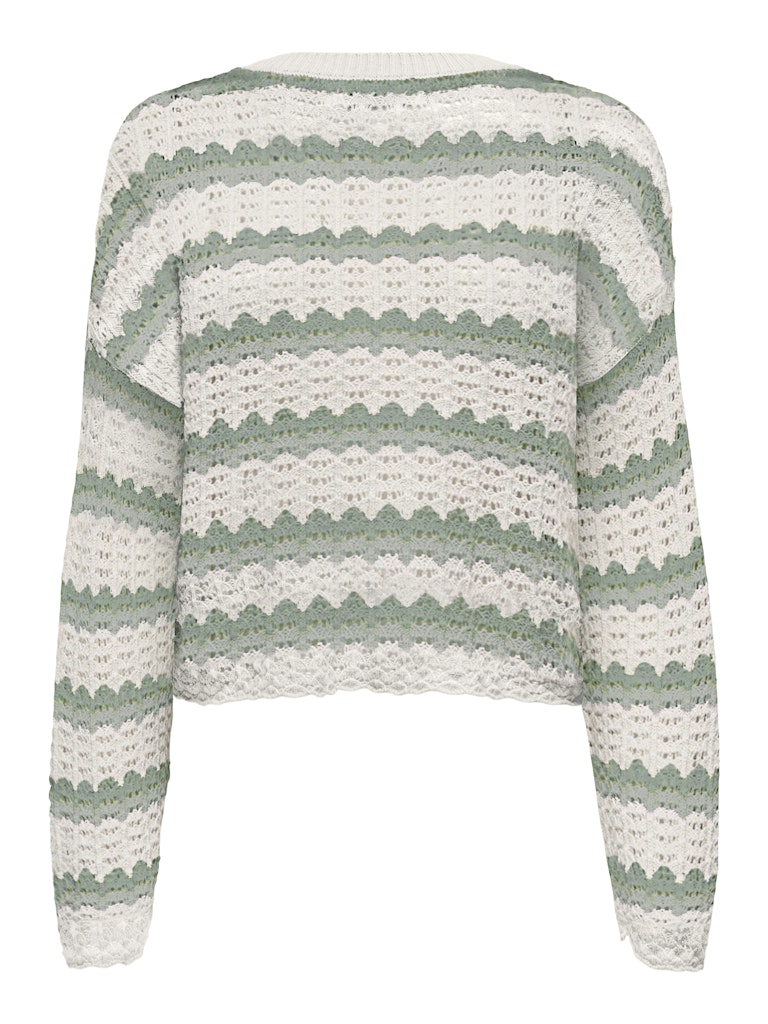 only Damen Pullover Birch/Laurel Wr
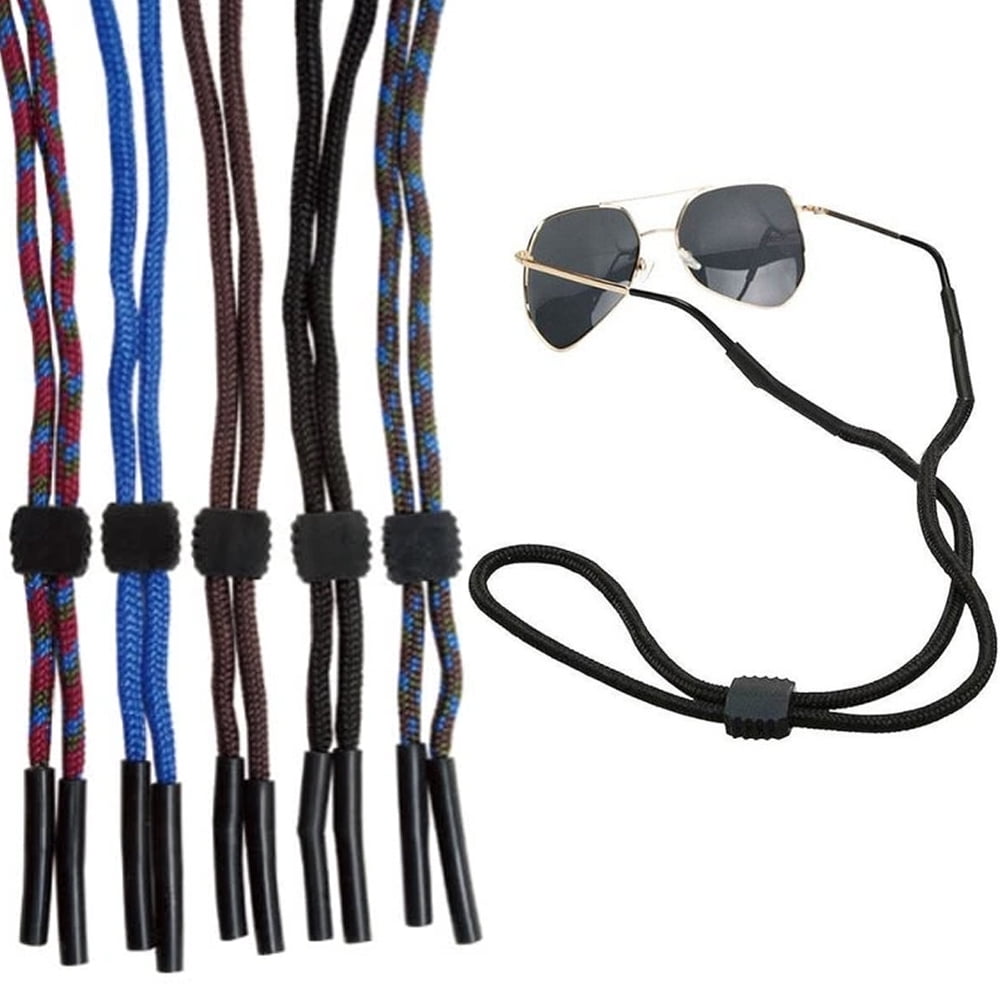 5Pcs Glass Strap Neck Cord Sports Eyeglasses Band Sunglasses Rope String  Holder - Plugsus Home Furniture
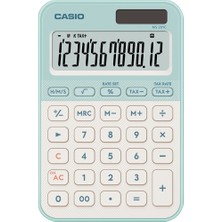 Die Grup Casio MS-20YC-LG-W-DP Masaüstü Mint Yeşili Hesap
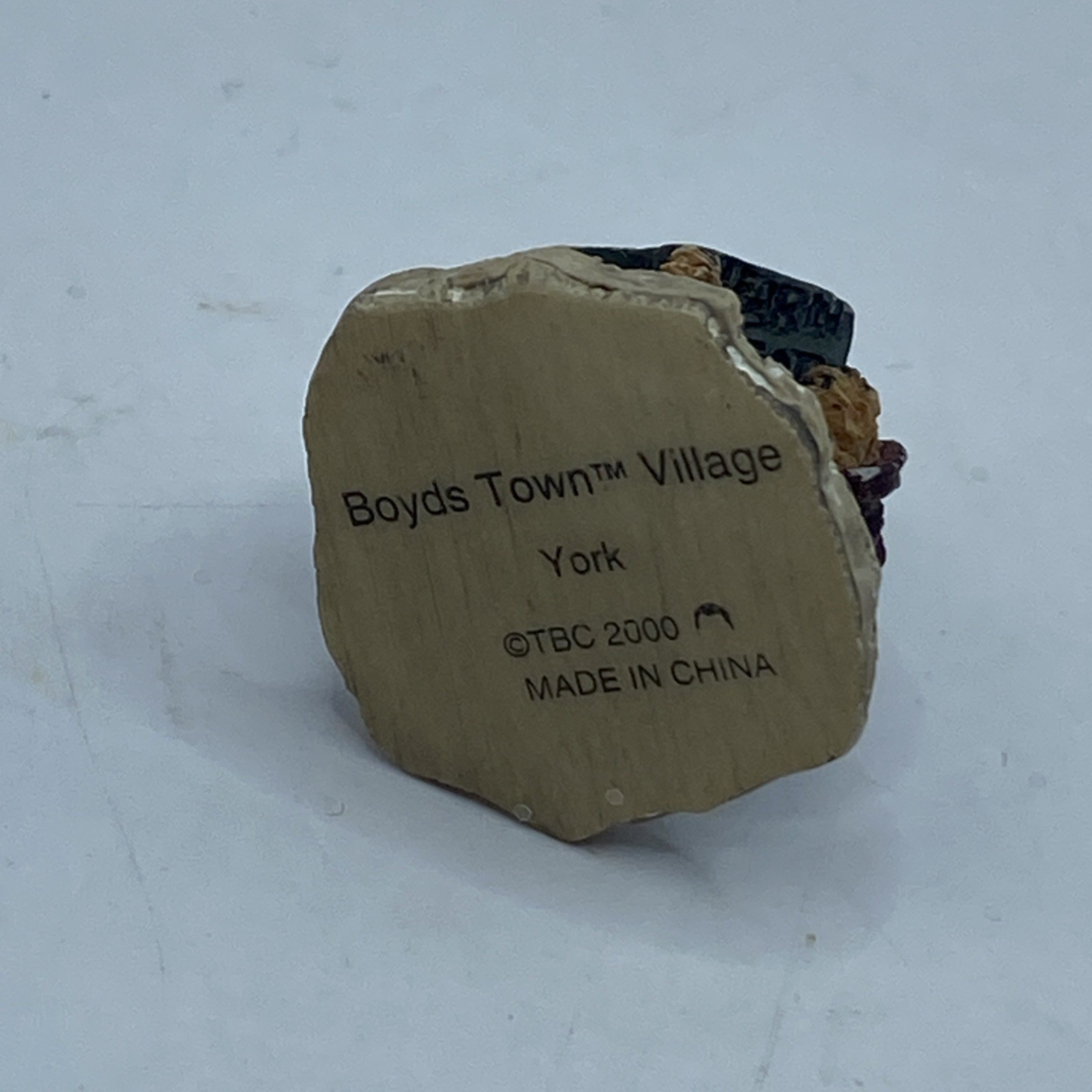 Boyds Town Village 3 Mini Figurines Library Bears Books Ms Griz Bailey York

* **WHAT IS REQUIRED**
Write every line above out again exactly; pictures do not belong in the copy.

* **TASK ANSWER**
 only Damen Pullover Birch/Laurel Wr
 5Pcs Glass Strap Neck Cord Sports Eyeglasses Band Sunglasses Rope String  Holder - Plugsus Home Furniture
 Die Grup Casio MS-20YC-LG-W-DP Masaüstü Mint Yeşili Hesap
 Boyds Town Village 3 Mini Figurines Library Bears Books Ms Griz Bailey York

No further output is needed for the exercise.